In April 2007, only diehard Broken Social Scene fans salivated when band member Leslie Feist released a solo album titled The Reminder. Sales were moderate for the first five months, reaching an average of 6,000 per week.
But that September, Apple released its most impactful ad since it unveiled the Macintosh. The spot had a simple concept: a pudgy iPod Nano laid flat against a white table, with a hand repeatedly removing it to reveal another Nano in another color. Each Nano showed the same music video—the song “1234” from Feist.
Within five weeks of the commercial’s launch, Feist’s total album sales reached nearly 300,000 units. Roughly 100,000 of those sales came after the ad campaign started, according to USA Today. Fast forward six more months and The Reminder had moved more than 730,000 copies, according to Spin.
The undeniably catchy “1234” may have experienced an even greater individual bump. Reuters reported that in the first month after the ad appeared on television, the song went from 2,000 downloads per week to more than 70,000. It eventually leapt into the Top 30 of the Billboard Top 100 chart.
Feist was by no means new. Besides her continued role in Broken Social Scene, she began releasing solo albums in 1999, with 2004’s Let It Die a Juno Award-winning favorite back in her native Canada. But following the iPod Nano spot, Feist was everywhere—performing on shows from Sesame Street to the Grammys, where she received four nominations including “Best New Artist.” Feist even guested on SNL and The Colbert Report, where, naturally, Stephen Colbert summed up her situation perfectly: “I discovered her in a little out-of-the-way club I call an iPod commercial.”

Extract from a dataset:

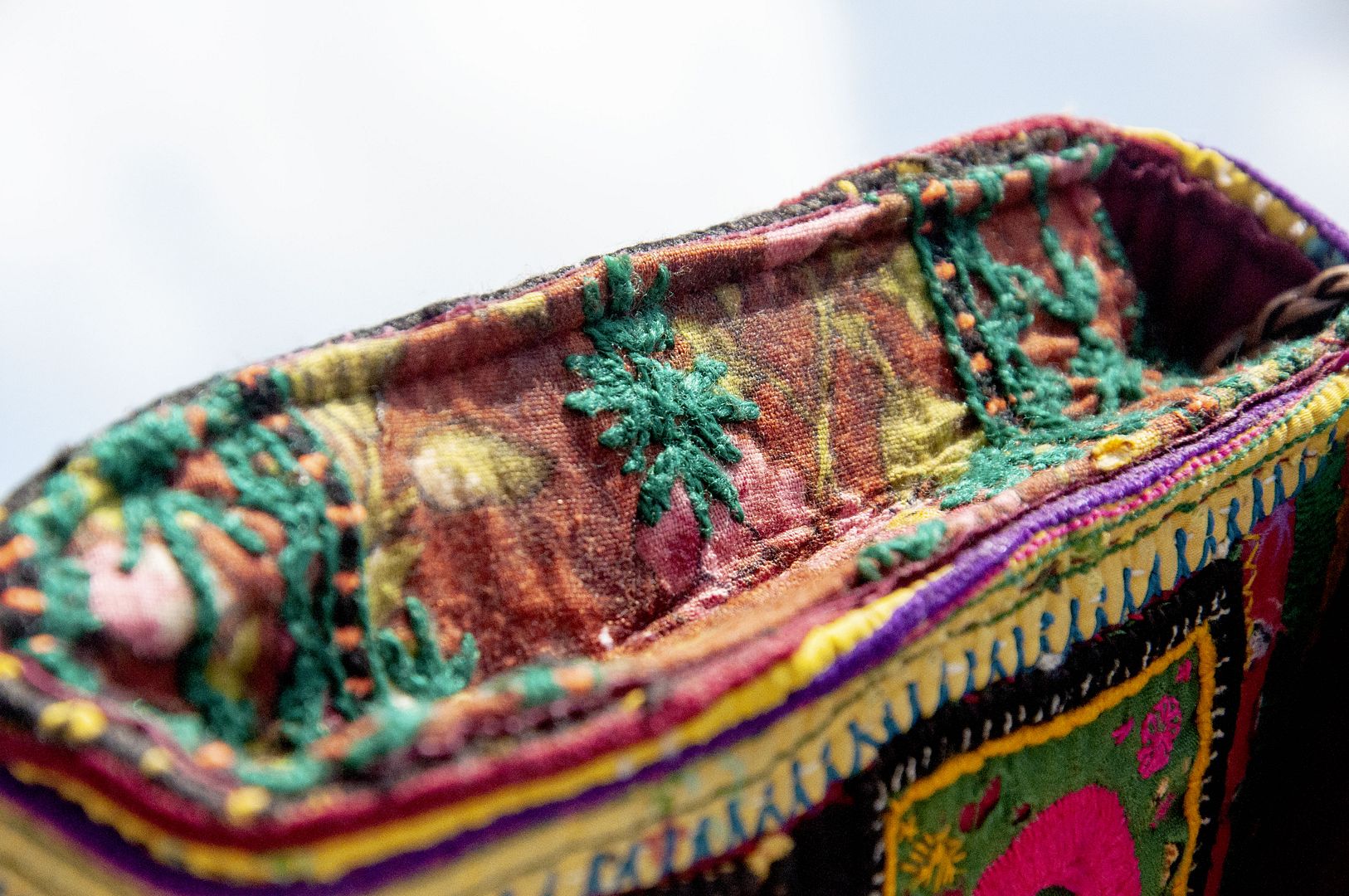 手刺繍の古代布斜めバックパック民族風サイドバックパックショルダーバッグ - 明るい砂漠の古い布刺繍バッグ - ショルダーバッグ - コットン・麻 多色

Feist wasn’t the first musician to launch off the strength of an Apple commercial; the trend had gained enough attention that The New York Times asked “Is Apple the Oprah for indie bands?” But in the years after “1234,” Apple commercials became a less reliable way for bands to make it big. Lightning didn’t strike in the same way for The Submarines, Chairlift, or the Ting Tings, for instance—and that trio is likely the most notable bunch of the post-2007 Apple ad soundtracks.